= Fichier des personnes décédées =

Central death register of France

The Fichier des personnes décédées is a central register of persons who have died in France since 1970. It is maintained by the national statistics bureau Institut national de la statistique et des études économiques (Insee). Since October 2019, the register has been accessible online free of charge and without registration.

== Data in the register ==
The register contains deaths since 1970, inclusively. For the current year, there are monthly and quarterly files. For past years, the data are summarised in one file per calendar year.

Each entry concerns one person and contains the surname, first names, sex, date of birth, the Insee code of the place of birth (or country of birth for those born abroad), the name of the place of birth (for those born abroad also the name of the country of birth), the date of death, the Insee code of the place of death and the number in the death register of the respective municipality. The text fields contain only capital letters without diacritics.

Each data set is included in the file that corresponds to its date of processing at the Insee, not the date of death. The law gives French civil registry offices one week to report deaths to the Insee. For reports submitted in paper form by traditional mail, postal delivery and processing at the statistics bureau will cause an additional delay before the data are recorded. Public holidays or other circumstances affecting the work of the authorities involved may also cause delays. A file of the register published by Insee for a given period therefore usually contains a significant number of entries for previous reporting periods; conversely, not all deaths occurring during the reporting period are included in the file for that period. For example, the monthly file for March 2020 contained about 8,700 entries concerning deaths before 1 March, but the file was missing 9,500 cases of deaths in March that were not recorded until April.

For this reason, the numbers of deaths listed in the monthly files of the death register do not correspond to consolidated death statistics per period, such as the figures published by the Insee since the beginning of the COVID-19 pandemic in France, broken down by département.

== Access ==
Until 2017, access to the central death register was available only to certain commercial genealogy services, which Insee charged about 7,000 euros per year. Access subsequently became free of charge, but remained restricted to authorized companies bound by a licensing agreement with Insee.

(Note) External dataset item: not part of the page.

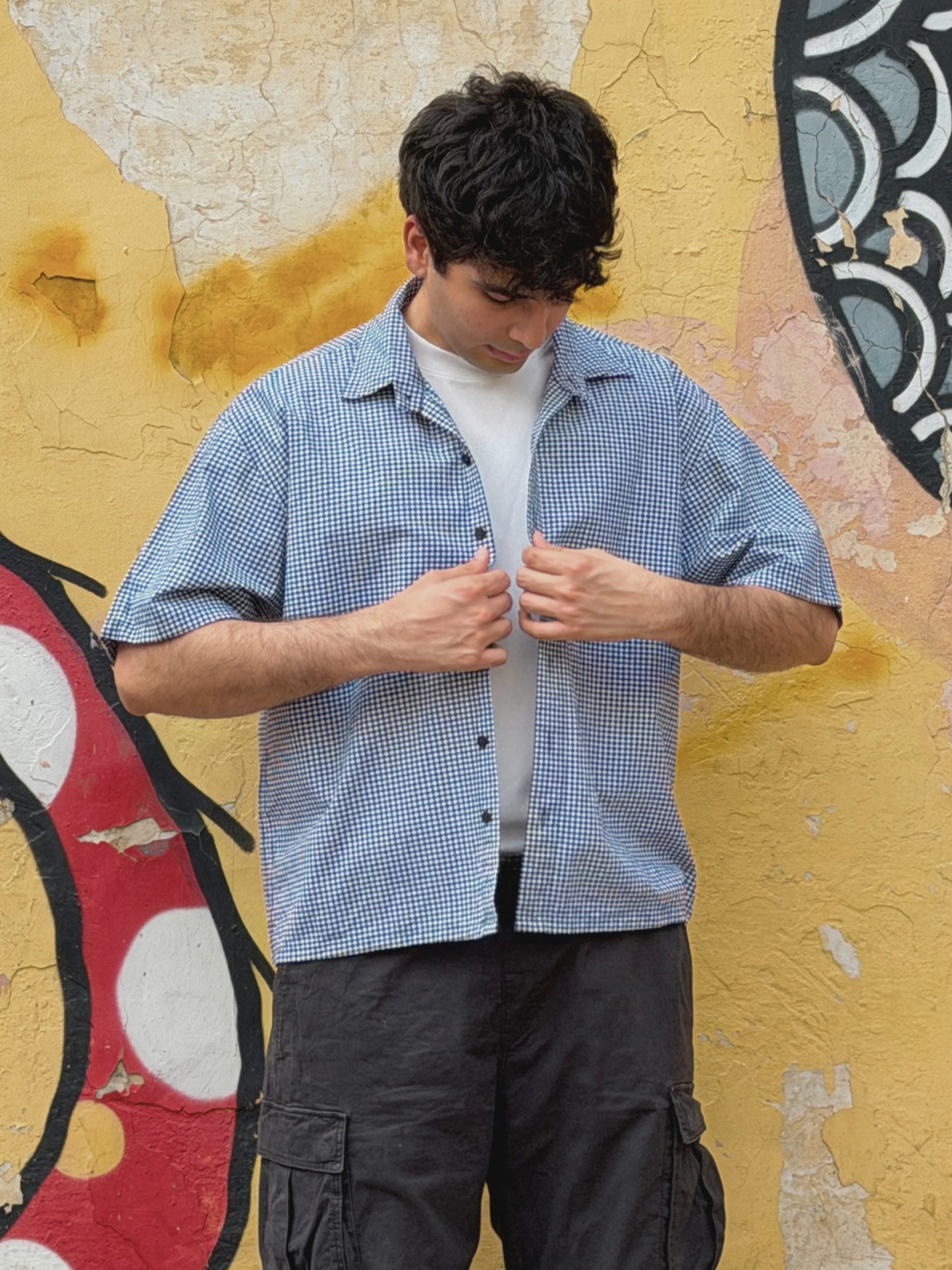 Man wearing classic london shirt over a white t-shirt, standing against a colorful wall.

However, on 17 May 2019, the French state's commission in charge of questions related to freedom of information and access to official data, CADA (Commission d'accès aux documents administratifs), decided at the request of a genealogical association that the central death register must immediately be made publicly accessible. The commission argued that the register was a set of administrative documents not containing any personal data in need of protection, since the persons concerned were not alive anymore. This sets the register apart from other civil status databases such as birth and marriage registers, for which a protection period of 75 years applies in France. For the same reason, the European Union's General Data Protection Regulation was not applicable, according to CADA.

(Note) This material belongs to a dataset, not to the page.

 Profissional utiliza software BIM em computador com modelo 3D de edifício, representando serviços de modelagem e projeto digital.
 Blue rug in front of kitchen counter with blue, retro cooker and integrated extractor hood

Following this decision, the Insee made the data freely available in October 2019 under the Open License for French government data. Today, they are accessible from at least two official web portals: the French state's open data portal data.gouv.fr and the Insee website, insee.fr. There is no legal guarantee for the correctness of the data.

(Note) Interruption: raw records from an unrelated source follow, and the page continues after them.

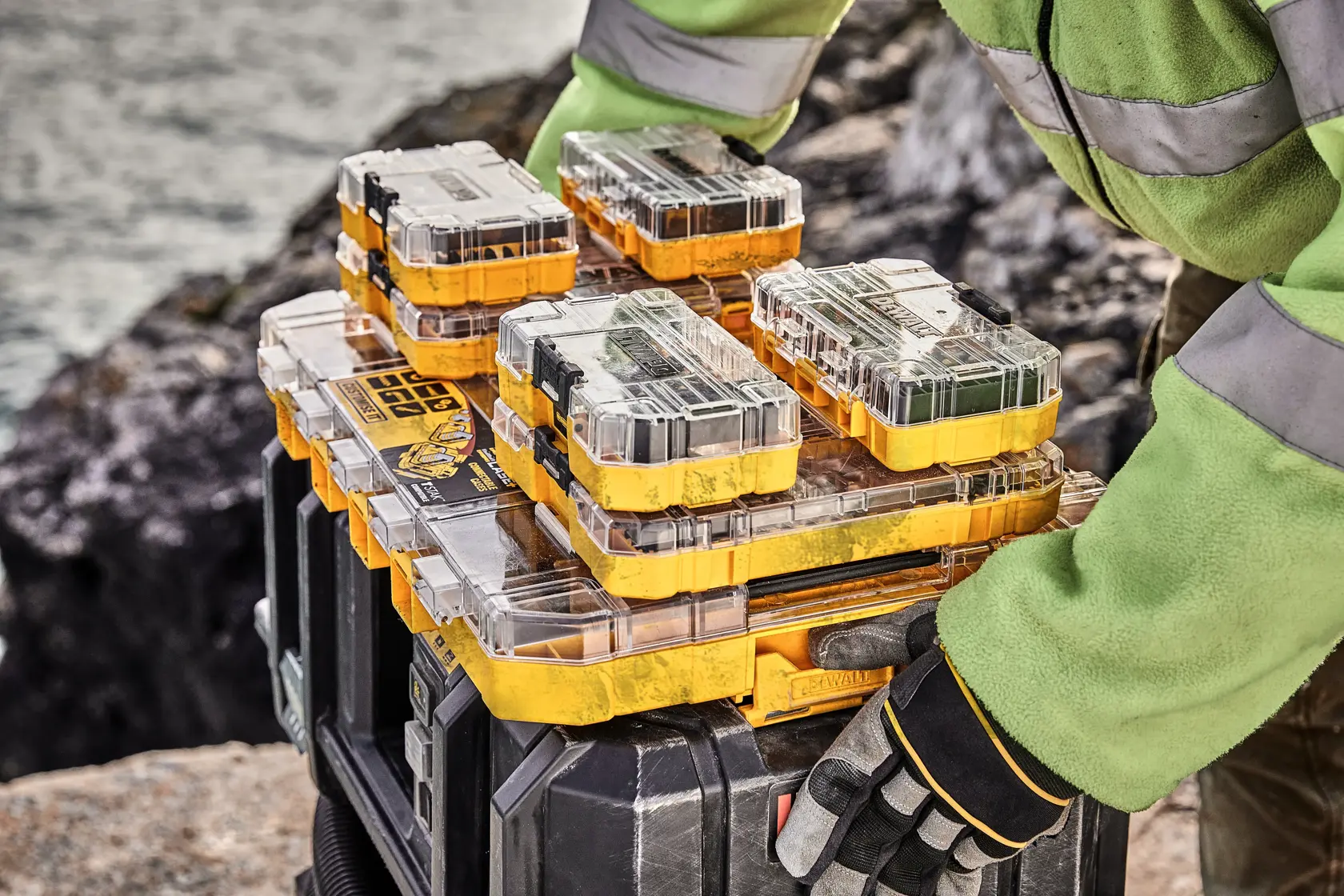 DEWALT DT70762 organizer boxes stacked outdoors, gloved hand adjusting them on a tool storage case.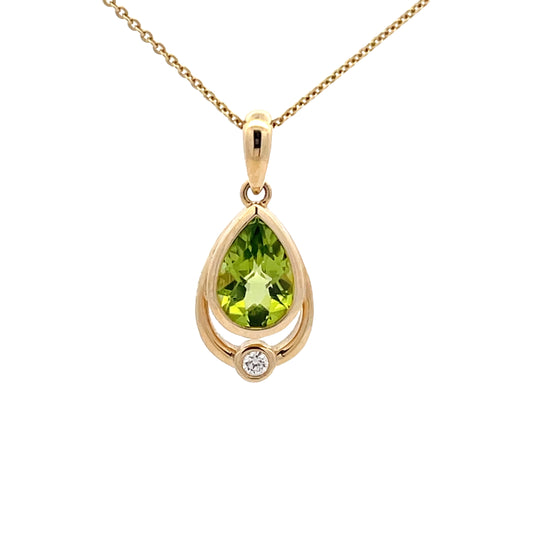 Pear Shaped Peridot and round brilliant cut diamond pendant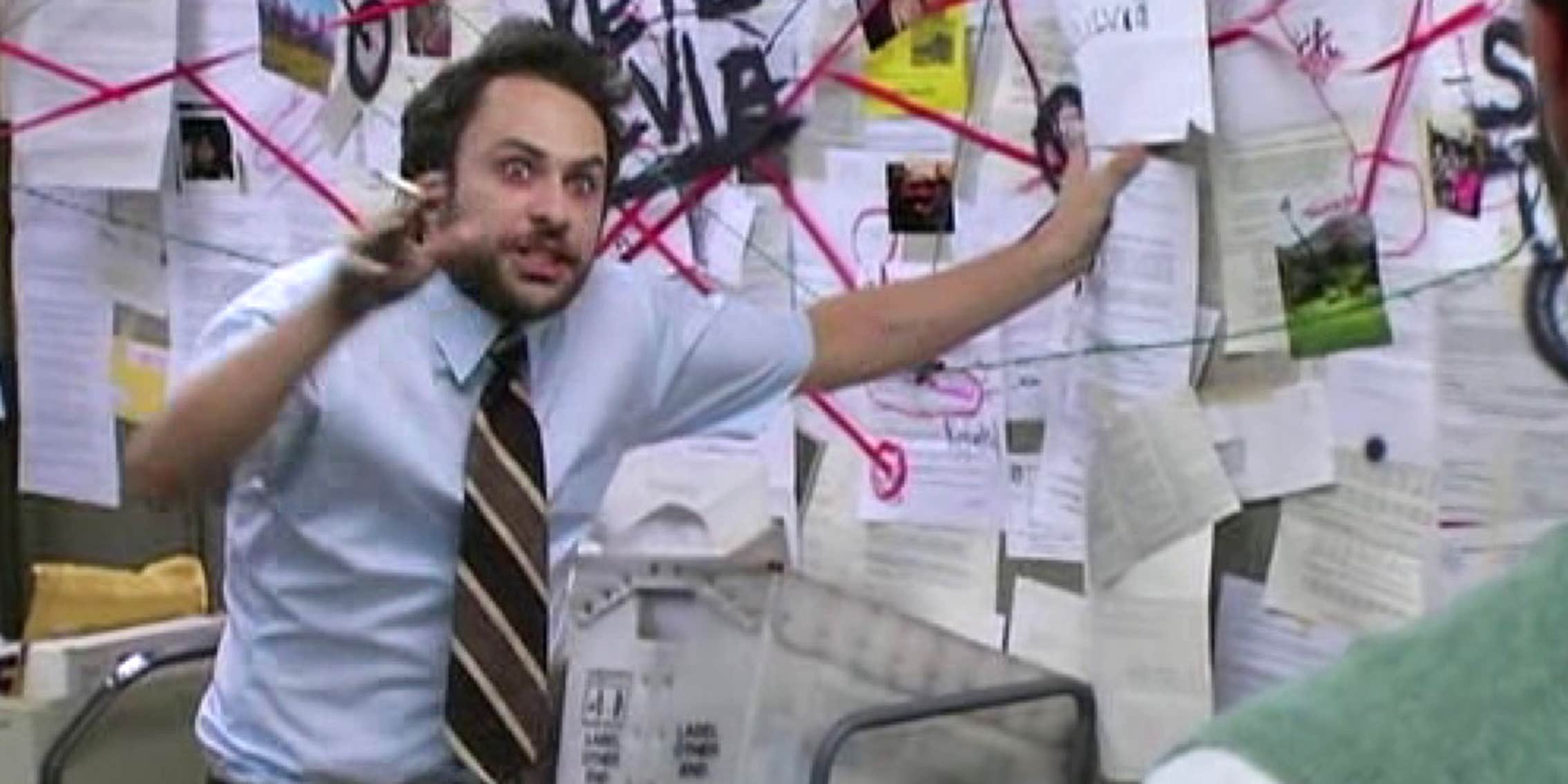 Charlie Day gestures wildly in front of a board with papers connected by a web of red string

On data.gouv.fr and on insee.fr the data can be downloaded as text files, although the file formats are not identical on both sites. Neither of the two sites offers search and display functionality for the data, and the Insee encoding of places is not resolved. However, since the further use of the data is not significantly restricted by the license terms, several genealogy services and other web service providers, such as Geneanet or Filae, offer all this functionality on their web portals. Some of these services require registration and/or a subscription, while others, such as deces.matchid.io, can be accessed free of charge and without registration.